Changed EventQueue::cancel to return boolean value #10750

jarvte · 2019-06-04T05:19:29Z

Description

It's important in some cases to know whether the EventQueue::cancel succeeded. Now cancel method returns the boolean value to indicate did the cancel succeed.

Pull request type

[ ] Fix
[ ] Refactor
[ ] Target update
[x] Functionality change
[ ] Docs update
[ ] Test update
[ ] Breaking change

Reviewers

@kjbracey-arm
@kivaisan

Release Notes

EventQueue::cancel now returns the boolean value to indicate whether the cancel was successful or not.

ciarmcom · 2019-06-04T07:00:44Z

@jarvte, thank you for your changes.
@kjbracey-arm @kivaisan @ARMmbed/mbed-os-test @ARMmbed/mbed-os-core @ARMmbed/mbed-os-maintainers please review.

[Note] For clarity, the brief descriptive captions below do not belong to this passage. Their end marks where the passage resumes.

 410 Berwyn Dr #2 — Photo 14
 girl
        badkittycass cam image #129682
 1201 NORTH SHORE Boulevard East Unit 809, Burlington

kjbracey · 2019-06-04T07:39:03Z

events/equeue/equeue.h

 //
 // If called while the event queue's dispatch loop is active, equeue_cancel
-// does not guarantee that the event will not not execute after it returns as
+// does not guarantee that the event will not execute after it returns as


This comment needs a bit of a rewrite now that we do return something. A return of true guarantees that it will not execute.

updated comment

kjbracey · 2019-06-04T07:41:15Z

events/EventQueue.h

     *  returns, as the event may have already begun executing.
     *
     *  @param id       Unique id of the event
+     *  @return         true  if event was successfully cancelled


It may be worth adjusting the final paragraph above - "If called while the event queue's dispatch loop is active in another thread, ...". A call made from the same thread as the dispatch loop can always succeed.

updated comment

kjbracey · 2019-06-04T07:42:54Z

@geky, please take a look. This is required to fully fix #10684

SeppoTakalo · 2019-06-04T08:09:29Z

UNITTESTS/stubs/EventQueue_stub.cpp

-void EventQueue::cancel(int id)
+bool EventQueue::cancel(int id)
 {
 }


bool should return true or false

fixed to return true

SeppoTakalo · 2019-06-04T08:11:39Z

events/equeue/equeue.c

 {
    struct equeue_chain_context *c = (struct equeue_chain_context *)p;
-    equeue_cancel(c->target, c->id);
+    (void)equeue_cancel(c->target, c->id);


What happens if the cancellation would fail in this case? Is it possible, and should we stop then?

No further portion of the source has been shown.